Quite the contrary, in fact. There are a number of traditions that Jews and others can choose from on Christmas -- and like many aspects of Jewish culture, most of them involve eating good food. Here are some examples of what non-Christians typically do on Christmas:
Chinese Food: Eating Chinese food is the ultimate Jewish tradition on Christmas day. Many Chinese restaurants are open on Christmas, so they are an easy option for anyone looking for a bite to eat on the otherwise restaurant-unfriendly holiday. Eating Chinese food on Christmas is a fairly well known practice and has made its way into popular culture. Can't wait to dig into some chicken and broccoli this year!
Movies: The other main component of Christmas for Jewish people is a trip to the movie theater. Like Chinese restaurants, movie theaters are open on Christmas when little else is, and seeing a film is a great way to spend time with family without having to talk to them. In recent years, Hollywood has made Christmas Day a huge premiere date for important movies, which has given Jews -- and plenty of others -- a wealth of options to choose from.
Spend Time With Family: Even if Jews don’t celebrate the holiday, most people have Christmas Day off from work, so it can be a great time to catch up with family members and spend a relaxing day together. Some Jews also enjoy hanging out with their Christian friends on Christmas -- after all, there’s plenty to the holiday that doesn’t involve specific religious traditions.

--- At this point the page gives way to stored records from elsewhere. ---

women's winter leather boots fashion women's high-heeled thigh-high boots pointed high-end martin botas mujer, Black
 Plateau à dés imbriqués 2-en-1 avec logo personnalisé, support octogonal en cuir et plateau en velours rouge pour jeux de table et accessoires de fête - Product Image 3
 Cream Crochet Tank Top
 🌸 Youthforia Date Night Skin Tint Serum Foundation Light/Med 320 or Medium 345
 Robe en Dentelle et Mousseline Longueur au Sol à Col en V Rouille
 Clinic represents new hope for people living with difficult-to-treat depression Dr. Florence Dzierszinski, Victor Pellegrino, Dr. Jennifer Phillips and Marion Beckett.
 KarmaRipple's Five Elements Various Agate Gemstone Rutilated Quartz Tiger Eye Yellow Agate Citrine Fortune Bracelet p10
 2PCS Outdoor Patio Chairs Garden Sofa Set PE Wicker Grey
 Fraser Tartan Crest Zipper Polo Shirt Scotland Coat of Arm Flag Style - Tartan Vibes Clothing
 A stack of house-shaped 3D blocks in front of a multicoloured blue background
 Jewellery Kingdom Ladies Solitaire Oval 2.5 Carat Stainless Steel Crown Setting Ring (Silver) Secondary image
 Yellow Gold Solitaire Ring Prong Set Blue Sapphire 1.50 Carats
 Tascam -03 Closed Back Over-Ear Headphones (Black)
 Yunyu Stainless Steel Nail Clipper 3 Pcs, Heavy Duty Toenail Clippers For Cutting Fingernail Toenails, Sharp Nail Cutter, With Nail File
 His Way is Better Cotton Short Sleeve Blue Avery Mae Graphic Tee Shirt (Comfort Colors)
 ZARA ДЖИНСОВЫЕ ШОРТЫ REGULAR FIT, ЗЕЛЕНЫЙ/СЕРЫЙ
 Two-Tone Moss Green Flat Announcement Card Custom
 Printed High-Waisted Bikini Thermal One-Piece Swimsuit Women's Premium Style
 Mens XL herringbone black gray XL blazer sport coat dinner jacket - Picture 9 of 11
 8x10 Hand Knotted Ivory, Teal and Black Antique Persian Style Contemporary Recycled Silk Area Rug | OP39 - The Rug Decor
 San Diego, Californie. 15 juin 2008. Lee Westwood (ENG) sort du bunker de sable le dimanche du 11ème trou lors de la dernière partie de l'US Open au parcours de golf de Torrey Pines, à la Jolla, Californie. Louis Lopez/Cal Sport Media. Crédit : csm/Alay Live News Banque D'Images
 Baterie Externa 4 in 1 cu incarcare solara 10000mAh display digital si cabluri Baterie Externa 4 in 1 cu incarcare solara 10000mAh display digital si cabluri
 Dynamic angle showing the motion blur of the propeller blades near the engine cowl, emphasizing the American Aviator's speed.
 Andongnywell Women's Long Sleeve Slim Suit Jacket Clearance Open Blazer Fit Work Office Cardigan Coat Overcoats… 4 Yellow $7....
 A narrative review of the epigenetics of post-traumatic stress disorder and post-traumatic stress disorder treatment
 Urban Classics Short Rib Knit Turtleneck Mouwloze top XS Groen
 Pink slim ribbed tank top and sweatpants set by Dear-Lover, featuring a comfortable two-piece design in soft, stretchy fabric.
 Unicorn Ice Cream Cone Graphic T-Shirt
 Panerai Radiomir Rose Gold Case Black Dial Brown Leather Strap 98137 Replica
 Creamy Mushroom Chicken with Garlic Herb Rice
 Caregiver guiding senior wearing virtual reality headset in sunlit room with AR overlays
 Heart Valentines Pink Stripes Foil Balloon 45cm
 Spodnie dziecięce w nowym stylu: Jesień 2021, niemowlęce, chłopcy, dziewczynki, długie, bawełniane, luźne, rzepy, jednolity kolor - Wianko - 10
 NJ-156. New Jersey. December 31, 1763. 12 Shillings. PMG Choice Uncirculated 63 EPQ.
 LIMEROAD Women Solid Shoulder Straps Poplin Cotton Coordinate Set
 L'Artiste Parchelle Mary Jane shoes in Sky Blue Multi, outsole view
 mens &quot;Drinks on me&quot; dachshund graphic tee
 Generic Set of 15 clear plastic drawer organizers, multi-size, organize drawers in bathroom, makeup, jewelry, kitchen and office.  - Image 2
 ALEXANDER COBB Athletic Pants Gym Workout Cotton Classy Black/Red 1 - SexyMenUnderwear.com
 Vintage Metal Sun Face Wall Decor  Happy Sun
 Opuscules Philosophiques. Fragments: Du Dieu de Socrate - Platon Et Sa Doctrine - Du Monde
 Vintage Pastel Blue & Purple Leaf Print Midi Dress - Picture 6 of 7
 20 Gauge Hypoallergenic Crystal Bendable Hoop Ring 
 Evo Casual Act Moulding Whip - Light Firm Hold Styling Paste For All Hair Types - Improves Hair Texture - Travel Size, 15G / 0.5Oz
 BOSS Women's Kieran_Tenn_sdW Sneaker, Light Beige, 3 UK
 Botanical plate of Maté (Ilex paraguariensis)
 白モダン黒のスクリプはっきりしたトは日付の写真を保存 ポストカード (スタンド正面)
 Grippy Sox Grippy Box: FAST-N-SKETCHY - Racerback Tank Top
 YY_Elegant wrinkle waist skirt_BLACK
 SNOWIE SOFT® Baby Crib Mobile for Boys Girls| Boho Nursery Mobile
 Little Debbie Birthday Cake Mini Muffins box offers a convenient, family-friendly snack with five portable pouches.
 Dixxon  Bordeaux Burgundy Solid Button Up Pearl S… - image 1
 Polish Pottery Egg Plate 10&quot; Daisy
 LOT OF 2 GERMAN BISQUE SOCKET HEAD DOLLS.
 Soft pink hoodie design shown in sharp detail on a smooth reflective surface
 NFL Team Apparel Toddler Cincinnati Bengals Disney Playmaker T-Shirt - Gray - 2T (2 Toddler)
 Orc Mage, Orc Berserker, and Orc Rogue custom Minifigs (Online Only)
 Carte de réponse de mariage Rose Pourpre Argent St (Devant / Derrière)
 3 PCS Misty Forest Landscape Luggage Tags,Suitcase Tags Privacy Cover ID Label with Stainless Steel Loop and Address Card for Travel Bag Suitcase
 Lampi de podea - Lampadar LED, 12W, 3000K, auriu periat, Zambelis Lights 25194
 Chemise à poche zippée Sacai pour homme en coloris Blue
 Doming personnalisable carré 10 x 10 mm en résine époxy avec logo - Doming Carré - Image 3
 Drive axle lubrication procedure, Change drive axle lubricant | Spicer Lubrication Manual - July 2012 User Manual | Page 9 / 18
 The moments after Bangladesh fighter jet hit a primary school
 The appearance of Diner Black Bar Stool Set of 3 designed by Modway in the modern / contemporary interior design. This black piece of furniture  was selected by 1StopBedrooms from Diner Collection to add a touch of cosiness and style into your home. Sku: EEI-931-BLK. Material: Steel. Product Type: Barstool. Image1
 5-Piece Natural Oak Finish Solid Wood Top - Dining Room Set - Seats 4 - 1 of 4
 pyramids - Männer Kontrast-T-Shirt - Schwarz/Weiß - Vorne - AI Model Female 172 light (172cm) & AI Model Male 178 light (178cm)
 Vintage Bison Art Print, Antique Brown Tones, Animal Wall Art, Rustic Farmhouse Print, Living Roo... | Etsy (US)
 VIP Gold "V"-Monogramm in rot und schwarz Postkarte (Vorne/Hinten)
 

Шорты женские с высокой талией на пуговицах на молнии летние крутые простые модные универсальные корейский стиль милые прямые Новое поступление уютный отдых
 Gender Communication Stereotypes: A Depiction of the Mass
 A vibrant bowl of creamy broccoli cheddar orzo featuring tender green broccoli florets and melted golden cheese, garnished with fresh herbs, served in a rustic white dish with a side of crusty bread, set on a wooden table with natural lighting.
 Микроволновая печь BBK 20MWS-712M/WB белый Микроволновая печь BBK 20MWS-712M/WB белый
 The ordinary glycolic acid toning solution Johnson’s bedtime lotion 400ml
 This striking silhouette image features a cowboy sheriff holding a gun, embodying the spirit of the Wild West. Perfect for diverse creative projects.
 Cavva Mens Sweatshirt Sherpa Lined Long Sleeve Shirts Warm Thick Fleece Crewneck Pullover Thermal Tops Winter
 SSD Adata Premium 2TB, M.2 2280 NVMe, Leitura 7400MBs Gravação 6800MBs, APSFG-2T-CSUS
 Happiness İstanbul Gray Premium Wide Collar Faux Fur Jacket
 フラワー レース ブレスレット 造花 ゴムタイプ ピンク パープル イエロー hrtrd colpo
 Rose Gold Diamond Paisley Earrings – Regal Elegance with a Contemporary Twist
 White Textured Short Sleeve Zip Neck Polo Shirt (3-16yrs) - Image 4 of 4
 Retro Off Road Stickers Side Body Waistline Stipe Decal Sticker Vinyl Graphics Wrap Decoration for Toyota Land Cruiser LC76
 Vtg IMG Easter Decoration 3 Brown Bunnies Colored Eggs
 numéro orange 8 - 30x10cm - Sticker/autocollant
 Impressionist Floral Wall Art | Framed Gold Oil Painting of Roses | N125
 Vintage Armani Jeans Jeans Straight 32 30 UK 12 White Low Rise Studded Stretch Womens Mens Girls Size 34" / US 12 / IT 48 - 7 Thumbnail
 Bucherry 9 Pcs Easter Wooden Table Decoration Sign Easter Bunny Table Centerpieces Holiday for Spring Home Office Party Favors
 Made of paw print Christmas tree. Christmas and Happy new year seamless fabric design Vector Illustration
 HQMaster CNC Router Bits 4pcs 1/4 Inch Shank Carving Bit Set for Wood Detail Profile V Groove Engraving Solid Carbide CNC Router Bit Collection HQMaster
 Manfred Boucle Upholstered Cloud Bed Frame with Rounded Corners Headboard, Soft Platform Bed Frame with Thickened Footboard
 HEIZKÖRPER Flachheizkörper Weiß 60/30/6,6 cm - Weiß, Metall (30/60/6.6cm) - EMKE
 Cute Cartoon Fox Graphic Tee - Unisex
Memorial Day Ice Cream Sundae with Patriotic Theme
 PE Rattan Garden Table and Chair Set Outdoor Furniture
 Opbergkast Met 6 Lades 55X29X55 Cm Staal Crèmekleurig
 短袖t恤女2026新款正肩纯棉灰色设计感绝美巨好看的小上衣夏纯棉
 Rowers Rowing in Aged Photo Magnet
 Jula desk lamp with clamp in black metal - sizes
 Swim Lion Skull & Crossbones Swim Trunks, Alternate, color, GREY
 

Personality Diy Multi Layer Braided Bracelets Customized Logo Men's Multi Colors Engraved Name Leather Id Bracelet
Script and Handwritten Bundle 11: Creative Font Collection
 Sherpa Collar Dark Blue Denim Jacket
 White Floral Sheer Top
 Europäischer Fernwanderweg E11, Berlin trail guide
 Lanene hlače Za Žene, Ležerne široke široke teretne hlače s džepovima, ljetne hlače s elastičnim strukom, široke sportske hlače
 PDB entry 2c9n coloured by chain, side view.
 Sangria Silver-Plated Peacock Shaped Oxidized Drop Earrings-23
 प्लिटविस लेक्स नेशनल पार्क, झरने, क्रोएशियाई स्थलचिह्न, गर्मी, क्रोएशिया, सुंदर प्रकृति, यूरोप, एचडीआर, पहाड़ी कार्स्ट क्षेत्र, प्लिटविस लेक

Go To The Matzoball: Are you single and looking to mingle? Many cities hold a Jewish singles event on Christmas Eve, which has been dubbed the Matzoball. It’s a chance for Jews to meet potential matches outside online dating and in real life on a night when there is little else going on. The Matzoball website has a list of cities hosting events this year and more details about what you can expect.
Go To Work: Some Jews will take holiday shifts and work on Christmas so their Christian co-workers can make sure to get the day off to celebrate with their families. In industries where offices have to be staffed throughout the holiday season, Jews often like to work around Christmas so they can take time off during other parts of the year when Jewish holidays fall.
Volunteer: Many charity organizations need volunteers on Christmas, and Jews (as well as other non-Christians) are frequently among those who sign up to help. From soup kitchens to homeless shelters to food and warm clothing drives, many synagogues, mosques and other religious institutions organize volunteer teams to work on Christmas since their congregations won’t be observing the holiday.
Catch Up on Your Reading: I love reading books on Kindle. Christmas day would be a great day for me to curl up with a good book from my favorite author, while snuggling with my pups!
Experience Some Local History: TripSavvy.com recently published an article that talks about historical sites in our area that are open on Christmas day. What a great day to tour Mt. Vernon, or take a short trip out to Williamsburg. https://www.tripsavvy.com/christmas-in-nva-1038588.
Cook Something Yummy: Christmas is a great day to experiment with new recipes for dinner and dessert! Cook something yummy? Let us know what it is!
Shop Online: Gotta shop? Amazon and other online stores and auction sites are always open, and there are likely to be some good sales going on!
Whatever you do on Christmas day, hope you have an enjoyable day! For those who celebrate, Merry Christmas!